## THE TASK
Find the word "Picture" in the listing. Copy out each line where it occurs.

──────── AVAILABLE DATA

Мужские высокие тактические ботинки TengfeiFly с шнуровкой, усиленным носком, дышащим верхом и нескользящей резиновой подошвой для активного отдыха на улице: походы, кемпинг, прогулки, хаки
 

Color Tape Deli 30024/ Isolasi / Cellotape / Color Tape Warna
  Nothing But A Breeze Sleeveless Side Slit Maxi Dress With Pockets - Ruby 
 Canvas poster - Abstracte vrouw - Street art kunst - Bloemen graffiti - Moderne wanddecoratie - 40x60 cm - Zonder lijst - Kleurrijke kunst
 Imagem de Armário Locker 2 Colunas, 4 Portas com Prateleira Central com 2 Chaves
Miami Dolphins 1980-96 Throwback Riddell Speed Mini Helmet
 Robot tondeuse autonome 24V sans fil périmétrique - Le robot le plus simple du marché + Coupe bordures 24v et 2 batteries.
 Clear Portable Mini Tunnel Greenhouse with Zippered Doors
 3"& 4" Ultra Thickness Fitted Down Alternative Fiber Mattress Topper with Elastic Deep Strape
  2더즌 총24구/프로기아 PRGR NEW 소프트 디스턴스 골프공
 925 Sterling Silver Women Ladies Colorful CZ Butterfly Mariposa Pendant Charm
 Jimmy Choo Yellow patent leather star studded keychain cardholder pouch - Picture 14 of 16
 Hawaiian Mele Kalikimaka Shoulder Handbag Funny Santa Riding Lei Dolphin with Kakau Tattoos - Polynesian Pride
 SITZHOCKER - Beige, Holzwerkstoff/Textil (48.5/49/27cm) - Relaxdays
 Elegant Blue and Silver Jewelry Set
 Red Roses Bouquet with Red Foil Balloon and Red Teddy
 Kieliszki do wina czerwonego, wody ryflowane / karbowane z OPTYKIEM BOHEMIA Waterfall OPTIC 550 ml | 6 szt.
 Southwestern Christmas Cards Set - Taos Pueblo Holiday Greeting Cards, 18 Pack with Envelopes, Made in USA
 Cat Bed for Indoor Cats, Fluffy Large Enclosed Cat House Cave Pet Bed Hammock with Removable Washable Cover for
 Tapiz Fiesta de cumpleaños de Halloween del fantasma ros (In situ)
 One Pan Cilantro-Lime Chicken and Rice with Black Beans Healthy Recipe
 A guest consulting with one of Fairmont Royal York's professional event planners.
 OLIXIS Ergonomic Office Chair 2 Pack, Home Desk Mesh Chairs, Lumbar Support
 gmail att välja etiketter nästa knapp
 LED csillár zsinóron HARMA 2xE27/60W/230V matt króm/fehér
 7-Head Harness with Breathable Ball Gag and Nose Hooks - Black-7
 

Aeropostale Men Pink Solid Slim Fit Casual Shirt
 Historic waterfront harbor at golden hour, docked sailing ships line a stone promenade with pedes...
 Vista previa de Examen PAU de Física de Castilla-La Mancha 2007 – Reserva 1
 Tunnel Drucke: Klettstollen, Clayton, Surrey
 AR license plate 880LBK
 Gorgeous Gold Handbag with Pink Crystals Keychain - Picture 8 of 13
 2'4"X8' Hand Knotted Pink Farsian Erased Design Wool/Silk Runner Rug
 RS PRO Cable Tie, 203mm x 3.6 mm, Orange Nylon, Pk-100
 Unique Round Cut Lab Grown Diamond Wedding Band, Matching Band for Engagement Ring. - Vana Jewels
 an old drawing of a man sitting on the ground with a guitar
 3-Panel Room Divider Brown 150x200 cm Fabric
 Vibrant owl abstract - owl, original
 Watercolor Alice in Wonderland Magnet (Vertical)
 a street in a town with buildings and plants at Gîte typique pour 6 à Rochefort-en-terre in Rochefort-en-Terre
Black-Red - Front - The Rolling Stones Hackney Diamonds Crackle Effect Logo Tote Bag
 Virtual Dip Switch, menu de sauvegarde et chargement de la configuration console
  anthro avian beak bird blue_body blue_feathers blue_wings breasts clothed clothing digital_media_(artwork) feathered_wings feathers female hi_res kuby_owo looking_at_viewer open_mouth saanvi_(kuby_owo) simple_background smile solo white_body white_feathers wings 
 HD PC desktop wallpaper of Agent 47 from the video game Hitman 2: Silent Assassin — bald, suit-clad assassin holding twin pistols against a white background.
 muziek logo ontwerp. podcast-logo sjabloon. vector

────────────────

## SOLUTION TO THIS TASK
 Jimmy Choo Yellow patent leather star studded keychain cardholder pouch - Picture 14 of 16
 Gorgeous Gold Handbag with Pink Crystals Keychain - Picture 8 of 13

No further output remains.